Korean Officials Try Revoking Terra Co-Founder’s Passport One Day After Arrest Warrant

Korean Officials Try Revoking Terra Co-Founder’s Passport One Day After Arrest Warrant

South Korean officials are reportedly taking steps to revoke Terraform Labs founder Do Kwon’s passport less than 24 hours after courts issued a warrant for his arrest for allegedly violating the country’s capital-markets law. Kwon’s company developed the Luna and TerraUSD so-called “stable coins” which collapsed in May, ultimately tanking the price of Bitcoin and helping usher one of the worst crypto winters in the industry’s history.

Prosecutors pursuing Kwon, Bloomberg reports, sent a request to South Korea’s Foreign Ministry to revoke his passport this week. If granted, Kwon, who’s reportedly hiding out somewhere in Singapore, would have to return to his home country within 14 days. The ministry did not immediately respond to Gizmodo’s request for comment but told Bloomberg it, “is taking necessary steps in accordance with relevant laws and regulations.”

Seoul’s Southern District Prosecutors Office issued the warrant for Kwon’s arrest, as well as a warrant for five others involved in Terralabs, on Wednesday, around four months after the TerraUSD disaster. Investigators issued flight bans on Terralabs officials back in June, but some, including Kwon, were already out of the country at the time.

Terralabs did not immediately respond to Gizmodo’s request for comment.

The Terra and Luna cryptocurrencies, once valued at over $US60 ($83) billion, plummeted to near worthlessness in May after the UST stablecoin became depegged from the dollar. Making matters worse, Korean Supreme Court documents revealed Kwon and other executives suspiciously moved to shutter their Korean headquarters a mere week before the collapse. Speaking with Gizmodo at the time, a Terralabs spokesperson said the headquarters closing, while seemingly sudden, was actually four months in the making.
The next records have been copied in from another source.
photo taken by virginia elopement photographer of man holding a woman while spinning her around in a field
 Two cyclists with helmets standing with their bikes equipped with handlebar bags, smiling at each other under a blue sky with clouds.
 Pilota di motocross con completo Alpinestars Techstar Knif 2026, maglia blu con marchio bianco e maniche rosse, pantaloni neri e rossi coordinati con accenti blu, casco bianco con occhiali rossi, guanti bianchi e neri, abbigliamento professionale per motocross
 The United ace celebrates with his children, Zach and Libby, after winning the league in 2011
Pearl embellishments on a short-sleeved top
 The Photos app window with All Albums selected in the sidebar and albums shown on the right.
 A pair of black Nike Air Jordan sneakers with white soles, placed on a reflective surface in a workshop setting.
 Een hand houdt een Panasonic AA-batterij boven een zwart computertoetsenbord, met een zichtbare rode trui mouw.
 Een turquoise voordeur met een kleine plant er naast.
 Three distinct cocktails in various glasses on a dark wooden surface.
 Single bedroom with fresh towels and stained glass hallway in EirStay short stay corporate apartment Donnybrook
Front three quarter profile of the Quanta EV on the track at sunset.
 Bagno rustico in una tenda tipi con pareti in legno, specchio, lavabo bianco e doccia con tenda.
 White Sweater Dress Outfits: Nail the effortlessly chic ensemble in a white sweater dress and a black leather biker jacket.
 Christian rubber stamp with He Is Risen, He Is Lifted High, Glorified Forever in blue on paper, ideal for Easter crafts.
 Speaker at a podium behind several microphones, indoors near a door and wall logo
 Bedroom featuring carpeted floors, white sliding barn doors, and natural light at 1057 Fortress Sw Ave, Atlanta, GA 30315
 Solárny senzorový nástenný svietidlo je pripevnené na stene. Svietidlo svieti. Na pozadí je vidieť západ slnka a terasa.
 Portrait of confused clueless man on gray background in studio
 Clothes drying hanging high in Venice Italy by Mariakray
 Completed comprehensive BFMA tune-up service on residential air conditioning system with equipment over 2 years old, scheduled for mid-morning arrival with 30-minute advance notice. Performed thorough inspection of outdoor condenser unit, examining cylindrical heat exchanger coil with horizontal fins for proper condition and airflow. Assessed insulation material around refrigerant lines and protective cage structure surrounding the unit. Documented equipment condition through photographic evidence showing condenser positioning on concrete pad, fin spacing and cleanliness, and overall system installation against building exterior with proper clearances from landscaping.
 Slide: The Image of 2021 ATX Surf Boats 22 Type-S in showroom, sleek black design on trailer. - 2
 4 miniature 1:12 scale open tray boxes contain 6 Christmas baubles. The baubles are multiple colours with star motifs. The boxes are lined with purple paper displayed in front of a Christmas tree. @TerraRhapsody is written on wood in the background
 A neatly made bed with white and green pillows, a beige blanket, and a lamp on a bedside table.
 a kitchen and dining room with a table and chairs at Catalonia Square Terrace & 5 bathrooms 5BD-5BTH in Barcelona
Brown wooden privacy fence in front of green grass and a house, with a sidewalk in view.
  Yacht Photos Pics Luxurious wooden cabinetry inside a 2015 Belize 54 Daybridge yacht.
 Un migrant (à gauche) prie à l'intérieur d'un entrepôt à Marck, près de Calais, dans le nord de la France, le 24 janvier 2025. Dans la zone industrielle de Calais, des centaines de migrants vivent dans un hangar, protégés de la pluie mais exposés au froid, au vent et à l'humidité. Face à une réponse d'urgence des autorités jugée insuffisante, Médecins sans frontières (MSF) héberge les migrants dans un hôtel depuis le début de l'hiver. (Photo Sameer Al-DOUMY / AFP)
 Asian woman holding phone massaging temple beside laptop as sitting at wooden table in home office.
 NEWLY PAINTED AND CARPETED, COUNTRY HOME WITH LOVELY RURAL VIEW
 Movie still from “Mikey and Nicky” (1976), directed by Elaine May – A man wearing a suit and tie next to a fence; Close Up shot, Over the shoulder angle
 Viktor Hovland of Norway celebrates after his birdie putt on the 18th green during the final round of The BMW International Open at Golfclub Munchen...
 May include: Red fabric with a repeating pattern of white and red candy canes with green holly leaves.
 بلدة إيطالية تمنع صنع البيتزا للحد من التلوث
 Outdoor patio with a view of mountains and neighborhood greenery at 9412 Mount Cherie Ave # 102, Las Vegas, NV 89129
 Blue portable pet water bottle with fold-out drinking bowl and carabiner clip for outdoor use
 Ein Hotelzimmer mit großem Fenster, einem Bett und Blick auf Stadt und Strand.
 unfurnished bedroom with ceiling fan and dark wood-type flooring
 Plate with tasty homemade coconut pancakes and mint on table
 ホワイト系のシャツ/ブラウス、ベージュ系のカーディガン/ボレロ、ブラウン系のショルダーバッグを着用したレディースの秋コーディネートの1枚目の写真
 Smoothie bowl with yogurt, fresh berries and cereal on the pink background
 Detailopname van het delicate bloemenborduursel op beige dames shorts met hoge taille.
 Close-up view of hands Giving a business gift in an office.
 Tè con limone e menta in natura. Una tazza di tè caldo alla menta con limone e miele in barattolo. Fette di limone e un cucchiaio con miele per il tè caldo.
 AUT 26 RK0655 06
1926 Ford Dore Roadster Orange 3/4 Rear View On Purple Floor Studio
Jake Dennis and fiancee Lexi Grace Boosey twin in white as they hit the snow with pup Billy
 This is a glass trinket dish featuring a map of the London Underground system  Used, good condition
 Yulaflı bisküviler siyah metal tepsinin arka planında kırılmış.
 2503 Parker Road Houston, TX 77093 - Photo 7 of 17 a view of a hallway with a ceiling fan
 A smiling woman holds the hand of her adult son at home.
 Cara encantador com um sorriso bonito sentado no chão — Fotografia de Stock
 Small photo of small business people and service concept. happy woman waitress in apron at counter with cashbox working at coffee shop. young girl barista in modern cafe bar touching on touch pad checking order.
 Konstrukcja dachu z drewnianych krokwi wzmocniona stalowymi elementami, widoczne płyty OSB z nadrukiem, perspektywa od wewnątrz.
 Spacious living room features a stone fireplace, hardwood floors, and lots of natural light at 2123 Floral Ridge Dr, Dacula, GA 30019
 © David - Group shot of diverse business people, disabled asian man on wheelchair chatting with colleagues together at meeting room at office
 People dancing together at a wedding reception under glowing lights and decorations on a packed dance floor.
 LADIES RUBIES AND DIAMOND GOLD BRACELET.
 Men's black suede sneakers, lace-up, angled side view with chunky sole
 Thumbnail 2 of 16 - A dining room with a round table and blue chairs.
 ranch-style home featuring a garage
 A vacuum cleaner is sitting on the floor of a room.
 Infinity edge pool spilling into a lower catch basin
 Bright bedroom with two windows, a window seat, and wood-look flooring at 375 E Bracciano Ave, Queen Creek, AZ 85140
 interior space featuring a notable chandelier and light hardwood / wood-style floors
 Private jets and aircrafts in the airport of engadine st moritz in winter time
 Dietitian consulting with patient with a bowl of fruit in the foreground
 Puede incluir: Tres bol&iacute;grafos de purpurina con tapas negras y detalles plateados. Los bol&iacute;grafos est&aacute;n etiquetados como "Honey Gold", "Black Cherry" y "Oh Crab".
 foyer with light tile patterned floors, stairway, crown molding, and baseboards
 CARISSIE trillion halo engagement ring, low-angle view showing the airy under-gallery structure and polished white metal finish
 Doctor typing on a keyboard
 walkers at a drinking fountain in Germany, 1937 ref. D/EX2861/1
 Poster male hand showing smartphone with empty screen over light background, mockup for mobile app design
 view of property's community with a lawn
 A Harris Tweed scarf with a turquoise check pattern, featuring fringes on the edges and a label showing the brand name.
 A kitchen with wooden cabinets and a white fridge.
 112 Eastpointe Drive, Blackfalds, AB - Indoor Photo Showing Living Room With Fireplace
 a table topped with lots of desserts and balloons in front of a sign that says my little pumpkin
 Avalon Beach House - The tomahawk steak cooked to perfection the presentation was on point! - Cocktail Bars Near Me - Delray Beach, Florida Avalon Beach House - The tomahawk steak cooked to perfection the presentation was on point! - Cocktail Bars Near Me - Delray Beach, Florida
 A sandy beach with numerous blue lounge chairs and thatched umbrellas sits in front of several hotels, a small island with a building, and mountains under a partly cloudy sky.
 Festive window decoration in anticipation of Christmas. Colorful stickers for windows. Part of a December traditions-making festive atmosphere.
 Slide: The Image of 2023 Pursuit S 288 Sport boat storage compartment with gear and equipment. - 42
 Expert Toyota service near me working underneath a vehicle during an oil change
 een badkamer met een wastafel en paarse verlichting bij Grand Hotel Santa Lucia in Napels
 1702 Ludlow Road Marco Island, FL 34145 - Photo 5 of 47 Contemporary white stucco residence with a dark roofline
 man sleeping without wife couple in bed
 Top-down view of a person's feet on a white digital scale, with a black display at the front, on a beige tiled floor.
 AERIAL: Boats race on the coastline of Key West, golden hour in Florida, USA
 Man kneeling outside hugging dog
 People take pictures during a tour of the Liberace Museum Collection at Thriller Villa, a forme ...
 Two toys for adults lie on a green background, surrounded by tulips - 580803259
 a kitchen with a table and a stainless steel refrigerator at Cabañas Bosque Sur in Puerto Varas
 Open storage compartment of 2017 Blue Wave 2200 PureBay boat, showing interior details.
Kwon himself acknowledged the suspect of the Korean office closing in a May Tweet, writing, “shutting down a company just takes some time, and timing is purely coincidental.”

In addition to the investigations, former investors have filed multiple lawsuits against Kwon and other VC firms that made up the Luna Foundation Guard, accusing them of misleading investors and violating federal securities laws, according to CoinDesk. One of the plaintiffs in a lawsuit filed in the Northern District of California said Kwon’s so-called “Terra Tokens” resembled securities, thanks in no small part to Kwon’s marketing efforts.

Kwon, once a billionaire based on the holdings of his coins, told The Wall Street Journal earlier this year that he lost almost all of his net worth during the downturn. More importantly, the collapse also reportedly wiped clean the savings of thousands of investors around the world.

“I’ve been devastated by recent events and hope that all the families who’ve been impacted are taking care of themselves and those that they love,” Kwon told The Journal.